Acuérdome en este lugar que en la Ciudad de México, catorce años después de conquistada toda la tierra y pacificada por Cortés, yendo con otros muchachos, hijos de españoles, por los barrios de los naturales nos corrieron unos indios embijados. De seis o siete que íbamos nos cogieron un compañero y se lo llevaron, que nunca más pudo saberse de él. Y sin éste que nos llevaron a ojos vistas, hurtaban los que podían para comérselos o tornarlos indios.

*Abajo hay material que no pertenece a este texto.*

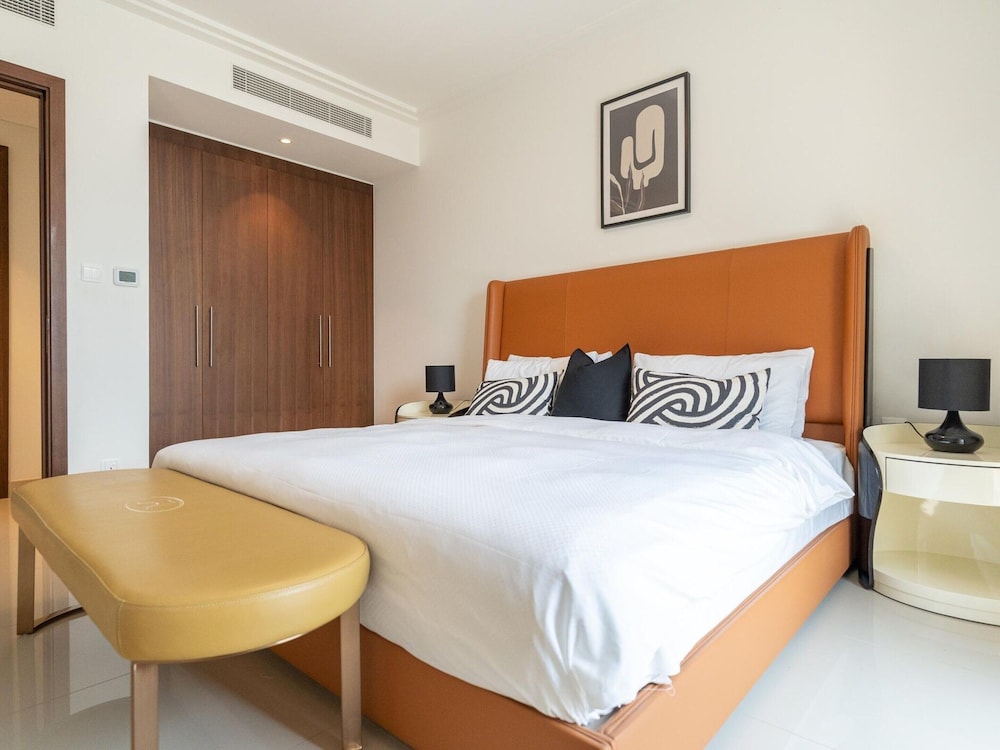 1BR Dlx City View Near Dubai Mall by Belvilla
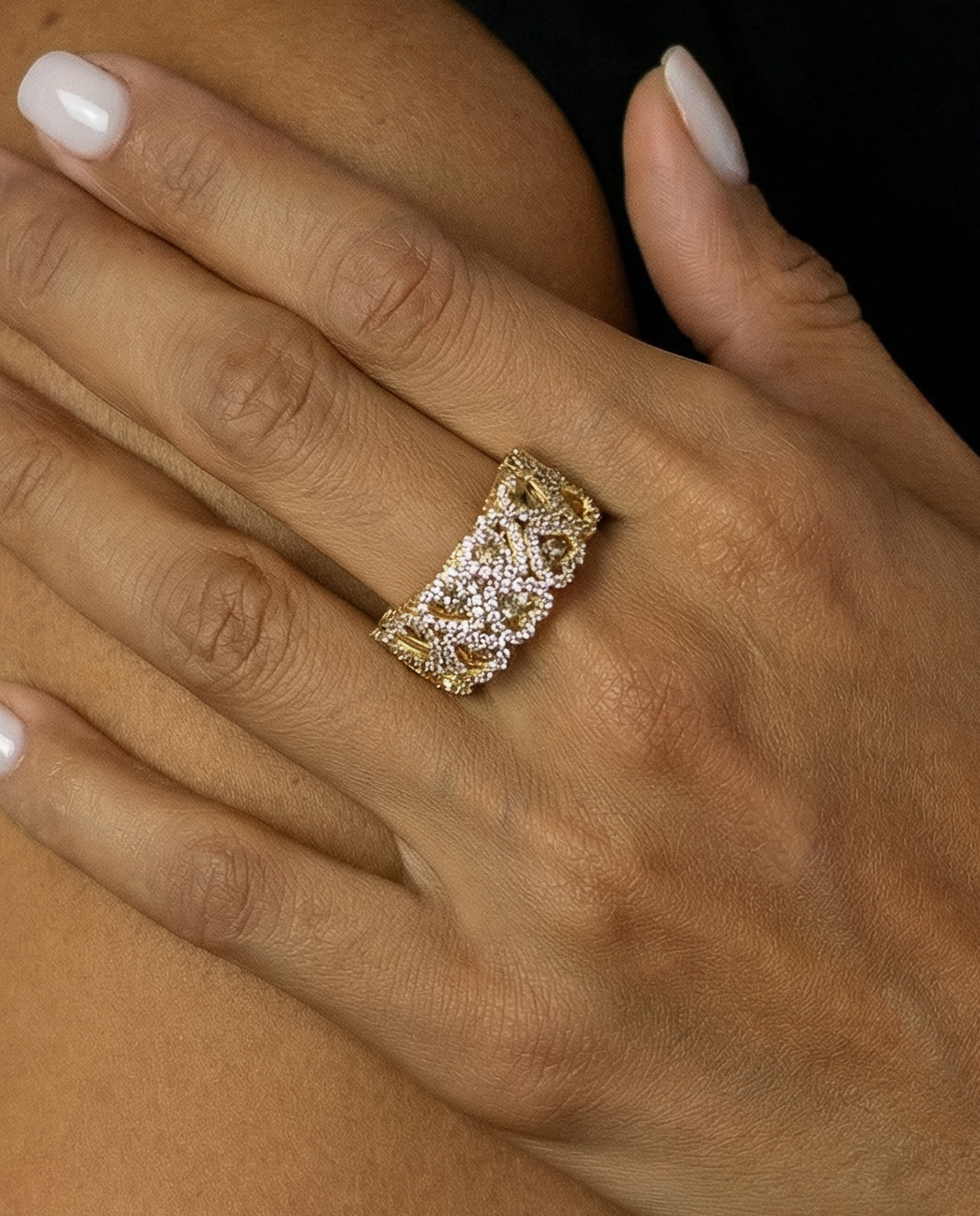 ANILLO ALTO RELIEVE CORAZONES INVERTIDOS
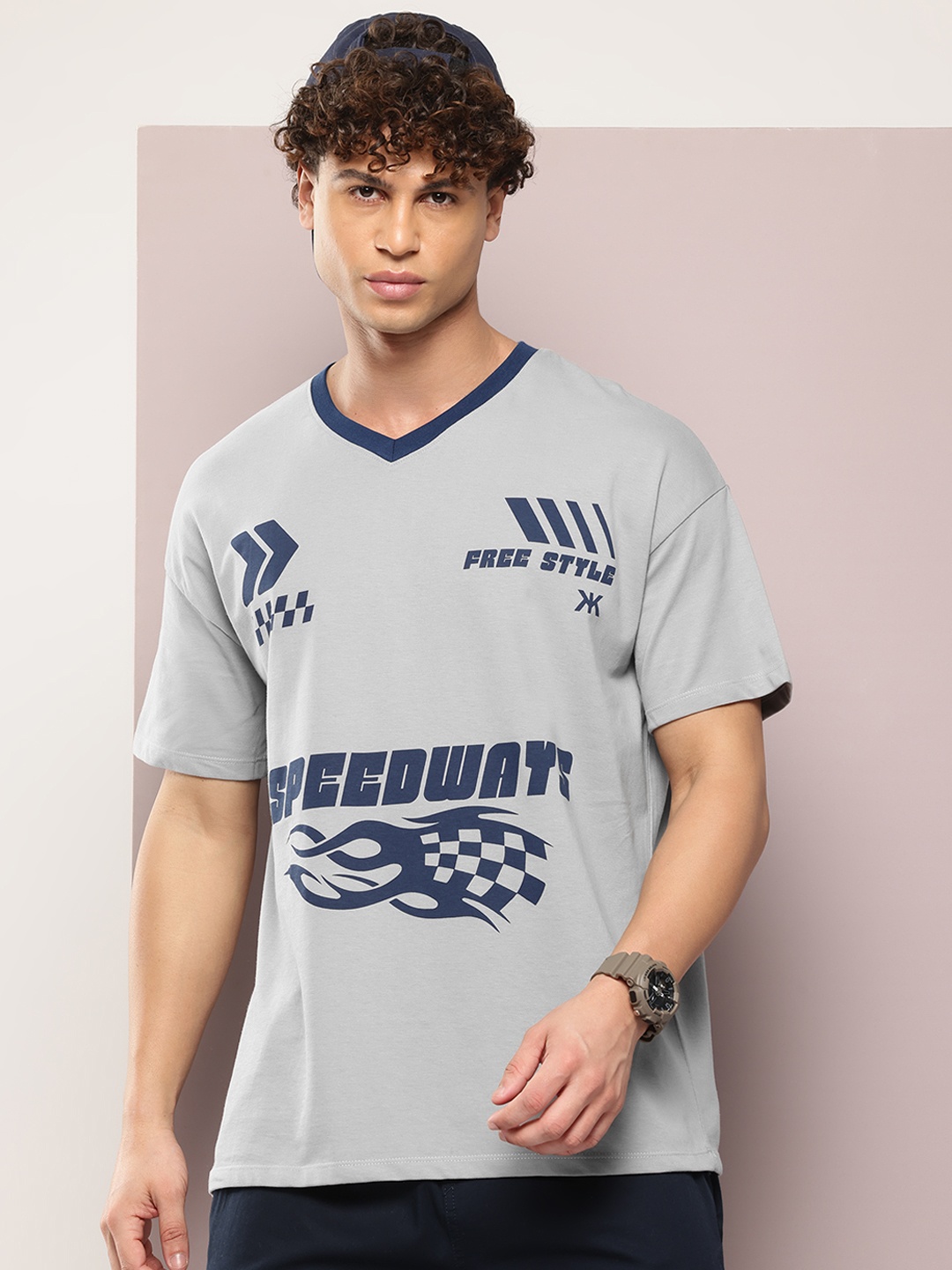 

Kook N Keech Men Printed Pure Cotton Oversized T-shirt, Grey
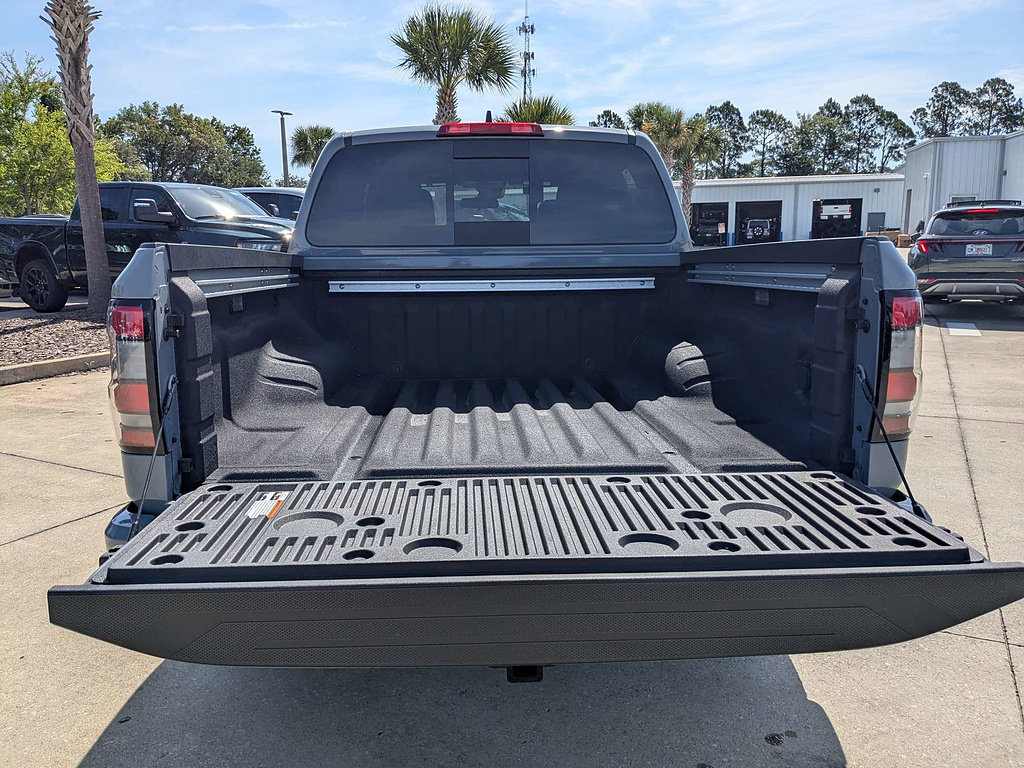 Used 2025 Nissan Frontier Pro-X w/ Pro Convenience Package RWD image 12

Dejando esto aparte, que era lo menos, [a] los españoles que caminaban a solas para ir a los pueblos y a otras provincias, los mataban y consumían secretamente, sin poderse saber de ellos. Hasta que se puso remedio y [se] mandó en toda la tierra a los caciques y reinos que tuviesen cuenta con los españoles que caminaban para pasar a otros pueblos, que en aquella sazón los llamaban cristianos, porque también lo eran ellos; y que de allí en adelante no los llamasen cristianos, sino que los llamasen españoles o castillecas, que tanto quiere decir como "castellanos", aunque, con todo esto, el día de hoy los llaman cristianos. Y con este orden, como está dicho, dende allí en adelante ya se tuvo muy gran cuenta y cuidado de nuestros españoles, y daban cuenta los naturales de ellos a donde quiera que iban, entregándolo, al pueblo donde llegaban y traían razón adonde quedaban, trayéndolos retratados de la edad que eran, si iban a pie o a caballo, sus vestidos y ropaje que llevaban, de qué color eran y manera de su traje. Dende entonces faltaban ya muy, pocos o casi ningunos, si no eran los que salían de México a Guatemala, Chiapas, Honduras, Nicaragua, y tierras remotas que aún estaban en guerra y por pacificar.